My question comes from only part (a). I was already able to show that $G$ is a group which operates in a totally discontinuous manner. So my only question is how to show that $h : S^3 \to S^3$ is an isometry.

Intuitively, I can see that it is an isometry because the moduli of both $(z_1,z_2)$ and $h(z_1,z_2)$ are the same.
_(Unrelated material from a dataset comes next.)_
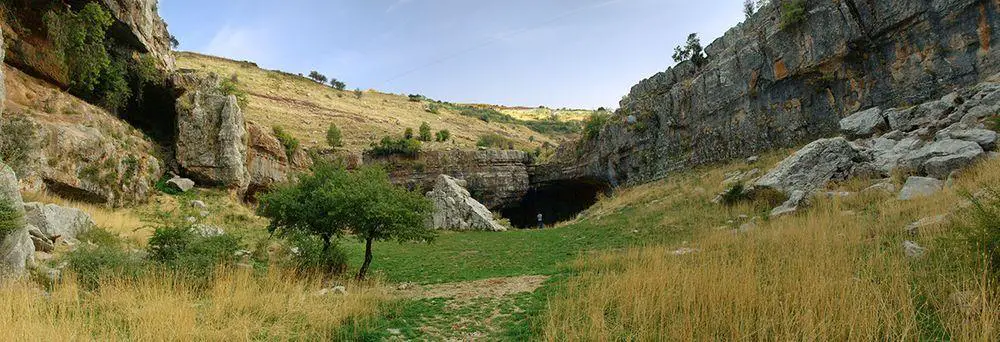 Path towards Bala'a sinkhole, Lebanon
But I have trouble trying to show this explicitly, with the definition of isometry given by p. 35 of do Carmo:

Let $M$ and $N$ be Riemannian manifolds. A diffeomorphism $f : M \to N$ is called an isometry if $$ \langle u,v\rangle_p = \langle df_p(u),df_p(v)\rangle_{f(p)} $$ for all $p \in M$ and $u,v\in T_pM$.

Answer 1

If $k \in \{0,\ldots,q-1\}$ and if $u,v \in T_pS^3 \subset \mathbb C^2$ are given by $$ u=(u_1,u_2)=(u^1_1+iu^2_1,u^1_2+iu^2_2) \quad \text{and} \quad v=(v_1,v_2)=(v^1_1+iv^2_1,v^1_2+iv^2_2) $$ and we define $\alpha=\frac{2\pi k}q$ and $\beta=\frac{2\pi k r}q$, then \begin{align} (e^{ik\alpha}u_1, e^{ik\beta}u_2) &= ((\cos(k\alpha)+i\sin(k\alpha))(u_1^1+iu_1^2),(\cos(k\beta)+i\sin(k\beta))(u_2^1+iu_2^2)) \\ &= (u_1^1 \cos (k\alpha)-u_1^2 \sin(k\alpha))+i(u_1^2 \cos (k\alpha)+u_1^1 \sin(k\alpha)), \\ &\qquad \qquad (u_2^1 \cos (k\beta)-u_2^2 \sin(k\beta))+i(u_2^2 \cos (k\beta)+u_2^1 \sin(k\beta))) \\ &= (u_1^1 \cos (k\alpha)-u_1^2 \sin(k\alpha),u_1^2 \cos (k\alpha)+u_1^1 \sin(k\alpha),\\ &\qquad \qquad u_2^1 \cos (k\beta)-u_2^2 \sin(k\beta),u_2^2 \cos (k\beta)+u_2^1 \sin(k\beta)), \end{align} where the last equality was due to associating $\mathbb R^4$ with $\mathbb C^2$.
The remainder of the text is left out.